This is the Congressional Black Caucus' Mission Statement:
Since 1971, the Members of the Congressional Black Caucus (at times referred to herein as the “CBC” or “Caucus”) have joined together to strengthen their efforts to empower America’s neglected citizens – including but not limited to Americans of color – by more effectively addressing our legislative concerns. The Congressional Black Caucus is committed to utilizing the full Constitutional power, statutory authority, and financial resources of the Government of the United States of America to ensure, insofar as possible, that everyone in the United States has an opportunity to live out the American Dream.
The legislative agenda of universal empowerment that the Members of the Caucus shall collectively pursue shall include, but are not limited to: the creation of universal access to a world-class education from birth through post secondary level; the creation of universal access to quality, affordable health care and the elimination of racially based health disparities; the creation of universal access to modern technology, capital, and full, fairly compensated employment; the creation and or expansion of US foreign policy initiatives that will contribute to the survival, health, education, and general welfare of all peoples of the world in a manner consistent with universal human dignity, tolerance, and respect, and such other legislative action as a majority of the entire CBC membership from time to time may support.
Now with that in mind, consider the organization's no-white's policy. Remember House member Stephen I. Cohen from Tennessee who represented a 60 percent poverty stricken black district? Cohen said if he was elected he would become the "first white member" of the CBC. He was told by one of the CBC member William Lacy Clay, Missouri, whites need not apply.
"Mr. Cohen asked for admission, and got his answer...It's time to move on...It's an unwritten rule. It's understood. It's clear."
http://www.factcheck.org/2008/01/con...r-blacks-only/
More food for thought on this exclusive club who claims to want to live out the dreams of Martin Luther King and fight to ensure "that everyone in the United States has an opportunity to live out the American Dream."
"From 2004 to 2008, the Congressional Black Caucus’s political and charitable wings took in at least $55 million in corporate and union contributions, according to an analysis by The New York Times, an impressive amount even by the standards of a Washington awash in cash. Only $1 million of that went to the caucus’s political action committee; the rest poured into the largely unregulated nonprofit network. (Data for 2009 is not available.)
"The caucus says its nonprofit groups are intended to help disadvantaged African-Americans by providing scholarships and internships to students, researching policy and holding seminars on topics like healthy living.
"But the bulk of the money has been spent on elaborate conventions that have become a high point of the Washington social season, as well as the headquarters building, golf outings by members of Congress and an annual visit to a Mississippi casino resort.
"In 2008, the Congressional Black Caucus Foundation spent more on the caterer for its signature legislative dinner and conference — nearly $700,000 for an event one organizer called 'Hollywood on the Potomac' — than it gave out in scholarships, federal tax records show."
http://www.nytimes.com/2010/02/14/us...pagewanted=all
Now, perhaps you personally knew or have received an education on Martin Luther King, Jr., waynet and you can school us all on what he stood for and what he acheived before his death.

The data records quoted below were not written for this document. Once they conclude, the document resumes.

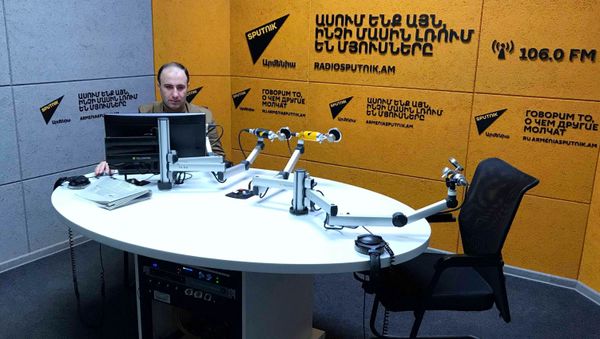 Հովհաննես Շողիկյան  06 03 2020   13։00 - Sputnik Արմենիա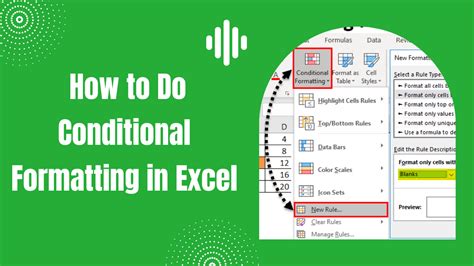 Excel Drop Down Conditional Formatting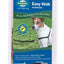 PetSafe Easy Walk Dog Harness Black/Silver SM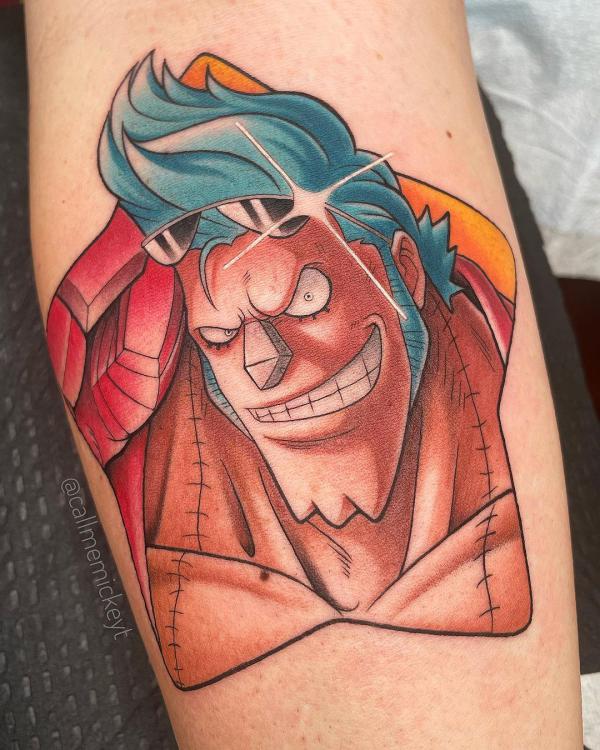 75 Striking One Piece Tattoos for Your Next Adventure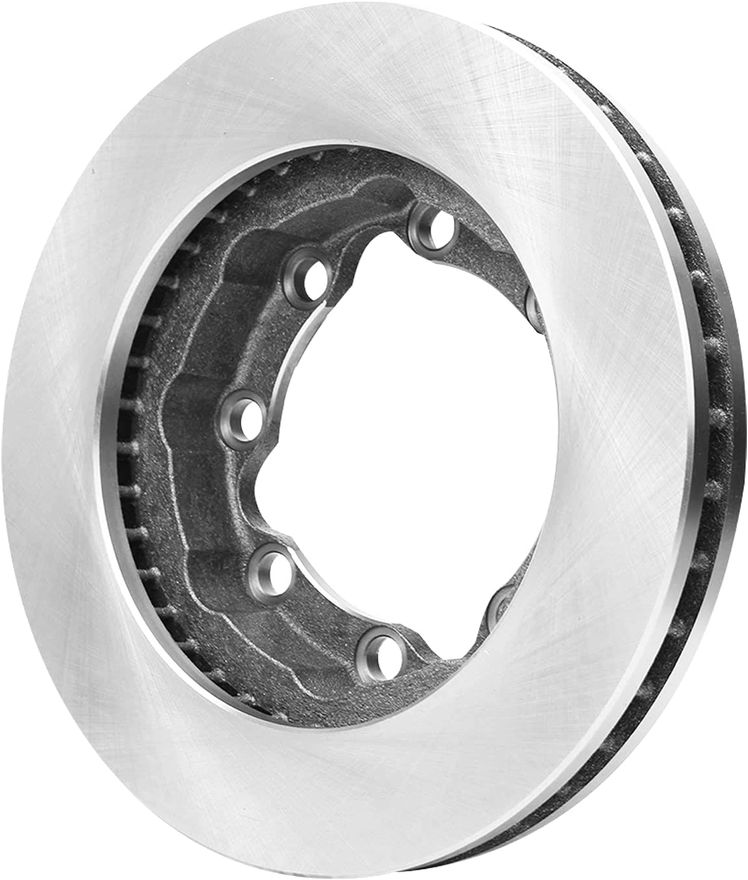 Front Brake Rotors - R-55028 x2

But I ask what do you think Martin Luther King, Jr., woud say about the recent scandals of the CBS members like NY's Charlie Rangal, California's Maxine Waters, Illinois Rep. Jessee Jackson Jr. California Rep. Laura Richardson, Florida's own Kendrick Meek and Eddie Johnson of Texas.
All under the flag of the exclusive Black's only Democrat Congressional Black Caucus who will keep another black and Democrat in office without any consideration for another candidate.
I think Shelby Steele Steele sums it up in a 2001 interview: "Martin Luther King was speaking to an America that had not yet fully acknowledged its wrong in slavery and segregation. And so it became a major theme in the civil rights movement to lead with our humanity, to lead with what we have in common, to deemphasize race because race is a barrier to our rights. After America admitted its wrong in the 1964 Civil Rights Bill, the 1965 Voting Rights Act, and so forth, it gave blacks moral authority. And all of a sudden the very racial identity that we had deemphasized because it kept us behind the walls of segregation we now embraced because it brought us social programs, affirmative action, and advantages in American life that other groups did not have. That’s how I think it happened.
"We made a mistake when we based our claim on American society on our race rather than on our humanity. We reestablished race as a powerful force in American life, and since that time we’ve all been preoccupied with what we created, an identity politics, in which each group pursues its rights based on its race rather than on its citizenship as Americans. It wasn’t wrong for us to expect that after four centuries of repression there would be some assistance. But it was profoundly wrong of us to turn around and embrace race ourselves because we thought it would bring us certain advantages."